-- GIVEN DATA --
◆ ◆ ◆ ◆

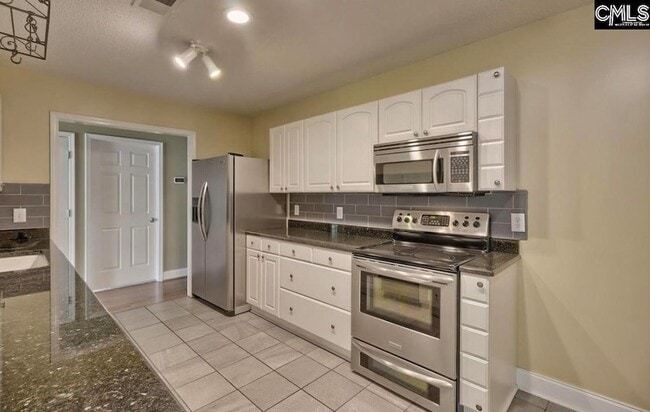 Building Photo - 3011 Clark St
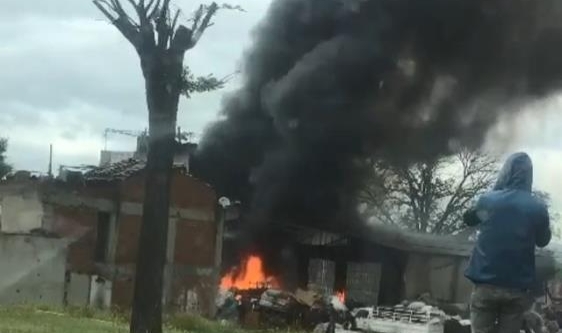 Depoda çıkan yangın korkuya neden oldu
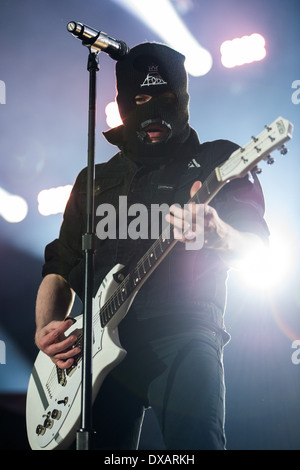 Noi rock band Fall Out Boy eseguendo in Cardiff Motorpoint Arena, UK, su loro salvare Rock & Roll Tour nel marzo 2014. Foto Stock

◆ ◆ ◆ ◆

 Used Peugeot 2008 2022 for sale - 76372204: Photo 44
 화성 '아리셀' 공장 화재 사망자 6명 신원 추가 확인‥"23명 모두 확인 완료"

◆ ◆ ◆ ◆

-- PROBLEM TO SOLVE --
Once the line with "Used Peugeot 2008" is found in the records above, print exactly that line and every line after it through the line with "화성 '아리셀' 공장".

-- RESULT --
 Used Peugeot 2008 2022 for sale - 76372204: Photo 44
 화성 '아리셀' 공장 화재 사망자 6명 신원 추가 확인‥"23명 모두 확인 완료"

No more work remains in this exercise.